Na virada do século, Eduardo Leite era adolescente em Pelotas e recém estava despertando para a política, inspirado no então presidente Fernando Henrique Cardoso. Como qualquer jovem de 14 anos, não tinha por que mergulhar no debate incandescente que tomou conta do Estado quando o governador Olívio Dutra propôs a lendária “nova matriz tributária”. Por três anos (1999, 2000 e 2001), Olívio tentou, sem sucesso, aprovar uma alteração na estrutura tributária do Estado, com foco no aumento da arrecadação e na redistribuição da carga, de modo a aliviar as famílias de baixa renda.
À época, o Rio Grande do Sul vivia um dos períodos mais conturbados na relação entre o Piratini e a Assembleia. Sem maioria no Legislativo, desgastado pela transferência da Ford para a Bahia e acossado por uma oposição virulenta, Olívio não conseguia aprovar qualquer projeto polêmico. O então vice-governador Miguel Rossetto gastava horas em seu gabinete na ala residencial do Piratini, fumando, tomando café preto e tentando convencer empresários e jornalistas de que não se tratava de simples aumento de imposto, mas de justiça tributária.
Em suas diferentes versões, porque a cada ano era abrandado, o projeto era bem menos ousado do que o agora apresentado pelo governador Eduardo Leite, social-democrata desde aquela época. Bem que o PT gostaria de colocar em prática o discurso da taxação das “grandes fortunas”, mas se Olívio tivesse proposto o aumento do imposto sobre heranças para 8%, a oposição teria iniciado uma nova Revolução Farroupilha.
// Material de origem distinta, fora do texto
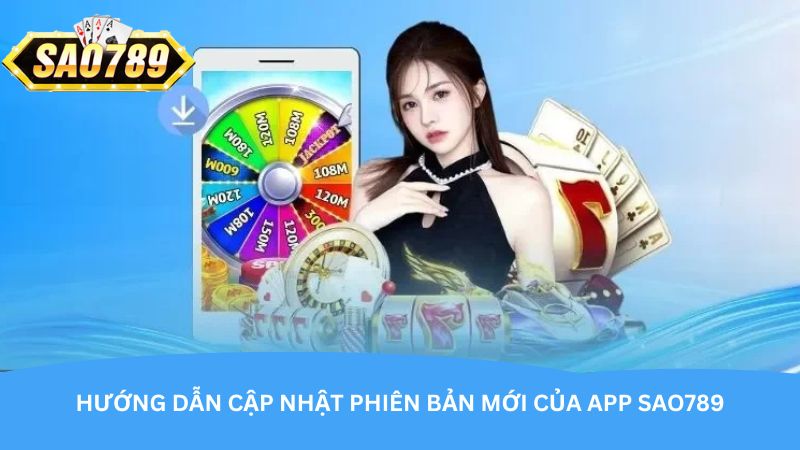 Hướng dẫn cập nhật phiên bản mới của app Sao789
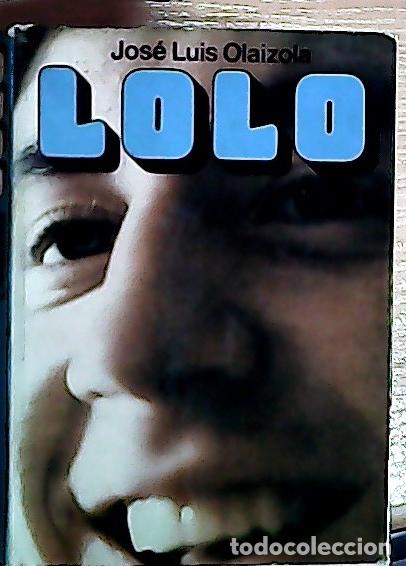 B&uuml;cher: Lolo - Olaizola, Jos&eacute; Luis:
Em síntese, Olívio propunha aumentar o ICMS de energia e telecomunicações e de produtos considerados supérfluos, como cigarros, perfumes e bebidas alcoólicas, e reduzir os de consumo popular. No balanço de perdas e ganhos, a receita aumentaria e daria fôlego ao governo, que mal e parcamente conseguiu manter os salários em dia.
Olívio também não ousou propor nada parecido com a devolução de parte do ICMS para as famílias mais pobres, como gostaria sua alma socialista. Não havia clima para nada parecido com o que hoje defende o economista Thomas Piketty, adepto da taxação de patrimônio. À época, o autor de O Capital no Século 21 tinha 28 anos.
Desgastado, Olívio não conseguiu sequer disputar a reeleição. O PT optou por Tarso Genro, que acabaria derrotado por Germano Rigotto (MDB), terceira via no embate que tinha do outro lado o ex-governador Antônio Britto, à época no PPS. Governador de 1995 a 1998, Britto, conseguiu aprovar a privatização de estatais e o aumento do ICMS de 17% para 18%, para vigorar no seu último de governo, mas não conseguiu zerar o déficit.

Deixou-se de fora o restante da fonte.